START Input
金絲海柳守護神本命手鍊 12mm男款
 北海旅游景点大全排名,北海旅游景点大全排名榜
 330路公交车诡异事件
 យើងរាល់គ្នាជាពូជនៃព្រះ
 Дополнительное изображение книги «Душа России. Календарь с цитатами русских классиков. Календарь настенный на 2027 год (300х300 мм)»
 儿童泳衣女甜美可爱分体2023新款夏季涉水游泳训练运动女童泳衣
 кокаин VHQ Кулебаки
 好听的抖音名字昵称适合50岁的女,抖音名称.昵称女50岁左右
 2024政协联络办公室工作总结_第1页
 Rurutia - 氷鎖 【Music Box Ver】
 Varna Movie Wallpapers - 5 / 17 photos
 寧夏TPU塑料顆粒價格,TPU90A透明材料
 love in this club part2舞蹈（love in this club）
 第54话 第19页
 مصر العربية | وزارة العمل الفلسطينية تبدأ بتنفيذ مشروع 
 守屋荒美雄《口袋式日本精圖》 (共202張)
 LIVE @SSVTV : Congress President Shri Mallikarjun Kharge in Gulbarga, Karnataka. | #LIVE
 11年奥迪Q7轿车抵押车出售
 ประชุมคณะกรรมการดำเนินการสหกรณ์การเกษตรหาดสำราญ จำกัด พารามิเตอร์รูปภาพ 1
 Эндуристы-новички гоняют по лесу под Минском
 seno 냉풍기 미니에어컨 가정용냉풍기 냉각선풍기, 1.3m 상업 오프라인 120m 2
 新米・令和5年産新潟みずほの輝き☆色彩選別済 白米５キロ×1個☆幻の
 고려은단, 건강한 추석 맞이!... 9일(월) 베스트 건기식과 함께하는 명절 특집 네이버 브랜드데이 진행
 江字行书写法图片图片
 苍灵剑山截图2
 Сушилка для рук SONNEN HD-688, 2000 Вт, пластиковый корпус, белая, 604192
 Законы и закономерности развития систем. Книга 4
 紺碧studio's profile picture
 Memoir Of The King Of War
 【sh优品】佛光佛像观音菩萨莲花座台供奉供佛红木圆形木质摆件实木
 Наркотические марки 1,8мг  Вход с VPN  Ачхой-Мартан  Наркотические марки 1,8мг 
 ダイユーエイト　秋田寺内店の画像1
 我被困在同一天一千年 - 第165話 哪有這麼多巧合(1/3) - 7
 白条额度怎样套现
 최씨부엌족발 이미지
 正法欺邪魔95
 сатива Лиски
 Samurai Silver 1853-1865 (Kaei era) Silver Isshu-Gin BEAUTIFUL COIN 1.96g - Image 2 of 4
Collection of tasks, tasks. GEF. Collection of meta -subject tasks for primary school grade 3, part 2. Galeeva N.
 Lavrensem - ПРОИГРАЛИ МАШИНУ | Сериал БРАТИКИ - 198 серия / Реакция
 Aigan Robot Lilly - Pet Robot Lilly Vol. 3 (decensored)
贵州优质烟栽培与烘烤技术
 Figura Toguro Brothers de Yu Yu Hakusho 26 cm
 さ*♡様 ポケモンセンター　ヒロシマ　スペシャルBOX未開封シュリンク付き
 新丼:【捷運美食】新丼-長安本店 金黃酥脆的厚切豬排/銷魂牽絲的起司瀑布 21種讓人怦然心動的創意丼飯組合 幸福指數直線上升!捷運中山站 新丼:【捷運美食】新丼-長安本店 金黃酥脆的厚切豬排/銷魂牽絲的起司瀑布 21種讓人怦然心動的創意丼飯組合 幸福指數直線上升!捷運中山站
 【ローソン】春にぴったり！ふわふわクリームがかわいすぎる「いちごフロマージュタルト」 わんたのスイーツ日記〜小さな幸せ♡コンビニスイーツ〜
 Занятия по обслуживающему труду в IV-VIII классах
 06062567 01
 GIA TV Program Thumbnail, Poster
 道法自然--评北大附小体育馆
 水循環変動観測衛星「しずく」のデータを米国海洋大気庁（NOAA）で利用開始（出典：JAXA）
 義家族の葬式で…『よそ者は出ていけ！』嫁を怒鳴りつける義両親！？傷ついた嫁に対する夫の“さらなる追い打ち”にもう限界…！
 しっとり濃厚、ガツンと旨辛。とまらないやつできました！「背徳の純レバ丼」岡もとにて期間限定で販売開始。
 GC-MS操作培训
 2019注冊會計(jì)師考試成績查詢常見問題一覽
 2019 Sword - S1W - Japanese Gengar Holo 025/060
END Input
• Aim of the task
Set the lines down exactly, from the first line of the records to the line where "新米・令和5年産新潟みずほの輝き☆色彩選別済 白米５キロ×1個☆幻の" appears, with both ends kept.

• Written reply
金絲海柳守護神本命手鍊 12mm男款
 北海旅游景点大全排名,北海旅游景点大全排名榜
 330路公交车诡异事件
 យើងរាល់គ្នាជាពូជនៃព្រះ
 Дополнительное изображение книги «Душа России. Календарь с цитатами русских классиков. Календарь настенный на 2027 год (300х300 мм)»
 儿童泳衣女甜美可爱分体2023新款夏季涉水游泳训练运动女童泳衣
 кокаин VHQ Кулебаки
 好听的抖音名字昵称适合50岁的女,抖音名称.昵称女50岁左右
 2024政协联络办公室工作总结_第1页
 Rurutia - 氷鎖 【Music Box Ver】
 Varna Movie Wallpapers - 5 / 17 photos
 寧夏TPU塑料顆粒價格,TPU90A透明材料
 love in this club part2舞蹈（love in this club）
 第54话 第19页
 مصر العربية | وزارة العمل الفلسطينية تبدأ بتنفيذ مشروع 
 守屋荒美雄《口袋式日本精圖》 (共202張)
 LIVE @SSVTV : Congress President Shri Mallikarjun Kharge in Gulbarga, Karnataka. | #LIVE
 11年奥迪Q7轿车抵押车出售
 ประชุมคณะกรรมการดำเนินการสหกรณ์การเกษตรหาดสำราญ จำกัด พารามิเตอร์รูปภาพ 1
 Эндуристы-новички гоняют по лесу под Минском
 seno 냉풍기 미니에어컨 가정용냉풍기 냉각선풍기, 1.3m 상업 오프라인 120m 2
 新米・令和5年産新潟みずほの輝き☆色彩選別済 白米５キロ×1個☆幻の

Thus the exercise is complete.